Spanish government to cut electricity VAT from 10% to 5%
Rest of measures to withstand Ukraine war effects including cap on rent increases to be extended beyond June
The Spanish government will cut the electricity VAT from 10% to 5% from the end of June.
Talking before lawmakers on Wednesday, prime minister Pedro Sánchez announced the measure as part of his cabinet's efforts to withstand the effects of Ukraine war.
One year ago, the Socialist-led executive already lowered the electricity VAT from 21% to 10% in order to counter the rising costs of energy, and the measure was maintained when a set of initiatives aimed at tackling the consequences of the conflict in Eastern Europe three months ago.
On Saturday this week, Sánchez's cabinet will hold an extraordinary meeting in order to extend the measures approved in late March and will add the further reduction of taxes for electricity.
The legislation that will temporarily continue in place includes a 2% cap on rent increases and a 20-cent discount per liter of fuel for all drivers.
"We will protect our country's families," Sánchez said to lawmakers, asking them to greenlight it when it gets to Congress within one month after its approval in the cabinet meeting.

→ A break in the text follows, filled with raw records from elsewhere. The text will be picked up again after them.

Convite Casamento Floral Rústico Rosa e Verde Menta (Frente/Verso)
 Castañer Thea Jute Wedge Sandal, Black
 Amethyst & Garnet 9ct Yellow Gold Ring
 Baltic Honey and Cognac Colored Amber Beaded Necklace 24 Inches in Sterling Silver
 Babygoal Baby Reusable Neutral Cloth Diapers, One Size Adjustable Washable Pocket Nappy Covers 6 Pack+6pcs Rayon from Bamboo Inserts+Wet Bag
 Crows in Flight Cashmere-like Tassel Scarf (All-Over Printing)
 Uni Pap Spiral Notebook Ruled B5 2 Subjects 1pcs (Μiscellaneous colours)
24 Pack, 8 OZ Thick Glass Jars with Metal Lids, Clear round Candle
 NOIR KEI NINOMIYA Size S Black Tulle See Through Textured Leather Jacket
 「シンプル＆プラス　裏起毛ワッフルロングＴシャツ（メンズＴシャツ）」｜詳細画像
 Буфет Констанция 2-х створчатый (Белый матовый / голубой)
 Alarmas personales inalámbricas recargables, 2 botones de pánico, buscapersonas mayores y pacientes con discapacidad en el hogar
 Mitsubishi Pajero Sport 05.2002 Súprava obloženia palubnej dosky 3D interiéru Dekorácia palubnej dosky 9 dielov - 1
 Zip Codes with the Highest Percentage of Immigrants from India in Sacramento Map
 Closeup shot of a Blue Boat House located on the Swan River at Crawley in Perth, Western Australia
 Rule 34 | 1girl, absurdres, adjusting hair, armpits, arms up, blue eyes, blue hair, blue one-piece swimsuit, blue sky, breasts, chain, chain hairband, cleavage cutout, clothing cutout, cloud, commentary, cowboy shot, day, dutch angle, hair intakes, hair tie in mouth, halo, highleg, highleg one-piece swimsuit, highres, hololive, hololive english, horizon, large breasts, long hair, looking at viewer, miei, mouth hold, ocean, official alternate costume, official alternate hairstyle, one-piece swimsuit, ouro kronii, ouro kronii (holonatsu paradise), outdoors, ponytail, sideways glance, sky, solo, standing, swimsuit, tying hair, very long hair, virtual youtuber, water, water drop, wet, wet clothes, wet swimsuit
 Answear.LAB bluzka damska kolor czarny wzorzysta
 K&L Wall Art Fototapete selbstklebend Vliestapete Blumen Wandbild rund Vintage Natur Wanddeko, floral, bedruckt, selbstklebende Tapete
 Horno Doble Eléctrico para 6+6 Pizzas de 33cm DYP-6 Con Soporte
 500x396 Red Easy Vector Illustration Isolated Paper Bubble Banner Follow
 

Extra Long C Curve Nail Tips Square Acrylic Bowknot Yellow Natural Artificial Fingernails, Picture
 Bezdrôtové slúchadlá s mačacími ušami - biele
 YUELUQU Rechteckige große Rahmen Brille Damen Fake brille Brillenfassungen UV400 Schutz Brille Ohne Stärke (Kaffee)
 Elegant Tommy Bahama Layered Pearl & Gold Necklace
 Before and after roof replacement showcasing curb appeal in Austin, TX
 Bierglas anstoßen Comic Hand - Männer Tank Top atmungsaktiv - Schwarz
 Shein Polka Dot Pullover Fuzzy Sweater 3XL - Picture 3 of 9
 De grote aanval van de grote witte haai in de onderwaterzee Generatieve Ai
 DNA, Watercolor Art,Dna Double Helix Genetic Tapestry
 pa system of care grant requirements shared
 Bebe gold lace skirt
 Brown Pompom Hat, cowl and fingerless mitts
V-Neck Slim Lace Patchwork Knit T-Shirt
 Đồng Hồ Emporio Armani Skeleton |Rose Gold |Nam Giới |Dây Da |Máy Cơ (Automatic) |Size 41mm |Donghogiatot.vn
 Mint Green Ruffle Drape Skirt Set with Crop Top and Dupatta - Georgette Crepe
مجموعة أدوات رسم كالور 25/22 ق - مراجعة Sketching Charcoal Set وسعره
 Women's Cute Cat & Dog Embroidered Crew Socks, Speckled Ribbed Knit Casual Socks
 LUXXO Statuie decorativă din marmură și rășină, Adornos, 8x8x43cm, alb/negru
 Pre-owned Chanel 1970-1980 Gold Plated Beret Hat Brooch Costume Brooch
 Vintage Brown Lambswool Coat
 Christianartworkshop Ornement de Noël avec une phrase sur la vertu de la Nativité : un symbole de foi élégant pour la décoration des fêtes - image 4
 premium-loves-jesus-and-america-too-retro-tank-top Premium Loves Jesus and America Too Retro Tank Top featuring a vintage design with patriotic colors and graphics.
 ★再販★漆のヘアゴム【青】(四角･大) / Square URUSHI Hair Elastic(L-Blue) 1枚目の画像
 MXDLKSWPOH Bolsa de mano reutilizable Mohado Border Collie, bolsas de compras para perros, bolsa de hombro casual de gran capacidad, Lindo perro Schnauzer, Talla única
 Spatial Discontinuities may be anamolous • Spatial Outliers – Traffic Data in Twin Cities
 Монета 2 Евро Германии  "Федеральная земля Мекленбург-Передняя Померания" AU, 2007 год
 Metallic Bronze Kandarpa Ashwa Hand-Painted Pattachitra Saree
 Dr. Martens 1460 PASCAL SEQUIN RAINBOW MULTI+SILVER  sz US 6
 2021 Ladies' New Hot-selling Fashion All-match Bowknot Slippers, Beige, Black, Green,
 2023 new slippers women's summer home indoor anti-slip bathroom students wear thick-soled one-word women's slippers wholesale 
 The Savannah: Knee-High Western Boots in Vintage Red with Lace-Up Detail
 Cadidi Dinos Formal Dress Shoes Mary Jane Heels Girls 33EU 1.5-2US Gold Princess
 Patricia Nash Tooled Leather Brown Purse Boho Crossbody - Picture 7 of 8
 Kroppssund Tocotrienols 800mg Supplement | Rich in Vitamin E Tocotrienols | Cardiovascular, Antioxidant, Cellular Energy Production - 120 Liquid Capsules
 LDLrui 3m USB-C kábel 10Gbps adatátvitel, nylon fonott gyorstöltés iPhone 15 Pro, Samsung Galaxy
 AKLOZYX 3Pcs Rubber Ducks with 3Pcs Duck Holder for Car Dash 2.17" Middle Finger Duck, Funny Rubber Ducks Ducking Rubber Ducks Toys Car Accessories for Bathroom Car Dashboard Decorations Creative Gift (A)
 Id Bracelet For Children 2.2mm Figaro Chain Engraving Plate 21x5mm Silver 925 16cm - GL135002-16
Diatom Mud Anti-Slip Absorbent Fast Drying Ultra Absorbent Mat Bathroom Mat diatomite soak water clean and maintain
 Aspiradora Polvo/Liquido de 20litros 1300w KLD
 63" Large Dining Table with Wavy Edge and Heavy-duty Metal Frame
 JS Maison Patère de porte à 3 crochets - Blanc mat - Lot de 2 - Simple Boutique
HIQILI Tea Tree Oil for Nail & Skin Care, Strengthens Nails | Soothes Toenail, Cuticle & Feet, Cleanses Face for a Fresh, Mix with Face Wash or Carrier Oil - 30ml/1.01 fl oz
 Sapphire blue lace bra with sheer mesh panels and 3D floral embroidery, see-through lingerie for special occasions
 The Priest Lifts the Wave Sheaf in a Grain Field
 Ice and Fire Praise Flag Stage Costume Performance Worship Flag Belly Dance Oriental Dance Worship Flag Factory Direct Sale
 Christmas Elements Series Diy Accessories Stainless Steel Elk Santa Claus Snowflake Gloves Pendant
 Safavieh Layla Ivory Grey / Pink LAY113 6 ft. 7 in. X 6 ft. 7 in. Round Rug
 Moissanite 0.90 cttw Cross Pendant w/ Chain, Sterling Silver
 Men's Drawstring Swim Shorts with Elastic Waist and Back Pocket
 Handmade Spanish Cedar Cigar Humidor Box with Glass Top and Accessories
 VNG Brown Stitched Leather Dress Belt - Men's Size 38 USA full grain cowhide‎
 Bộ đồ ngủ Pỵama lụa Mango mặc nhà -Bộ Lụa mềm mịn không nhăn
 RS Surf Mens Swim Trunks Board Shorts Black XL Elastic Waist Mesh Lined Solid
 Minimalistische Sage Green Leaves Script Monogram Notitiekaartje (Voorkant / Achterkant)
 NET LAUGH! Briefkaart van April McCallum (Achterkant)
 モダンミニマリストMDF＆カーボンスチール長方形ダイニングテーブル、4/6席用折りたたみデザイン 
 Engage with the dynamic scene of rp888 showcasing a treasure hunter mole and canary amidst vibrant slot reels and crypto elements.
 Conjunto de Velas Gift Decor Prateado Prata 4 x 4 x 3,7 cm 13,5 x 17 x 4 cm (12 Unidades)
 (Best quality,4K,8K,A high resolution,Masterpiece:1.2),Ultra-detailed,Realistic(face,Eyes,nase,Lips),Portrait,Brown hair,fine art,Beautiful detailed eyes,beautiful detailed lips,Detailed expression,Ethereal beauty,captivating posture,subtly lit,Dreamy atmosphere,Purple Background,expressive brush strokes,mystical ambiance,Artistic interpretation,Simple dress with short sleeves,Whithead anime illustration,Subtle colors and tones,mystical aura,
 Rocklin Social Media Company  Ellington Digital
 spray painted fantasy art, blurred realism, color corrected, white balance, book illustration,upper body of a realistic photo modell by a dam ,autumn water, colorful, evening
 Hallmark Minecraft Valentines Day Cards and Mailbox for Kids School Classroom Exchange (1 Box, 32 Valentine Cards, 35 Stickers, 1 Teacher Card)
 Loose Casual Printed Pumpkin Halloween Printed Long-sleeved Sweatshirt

Once ministers approve it, it will come into force, but could be halted by MPs some weeks later if they reject it.
The PM made the announcement during his response to the Catalan pro-independence Esquerra MP Gabriel Rufián's speech, in which he warned the Socialists that the ongoing inflation may "destroy" any left-wing initiative and also Sánchez's government.
The Andalusian regional election took place on Sunday and the conservative People's Party clinched its first ever absolute majority, while the Socialists, which had ruled over the territory uninterruptedly between 1978 and 2019, got their worst result to date.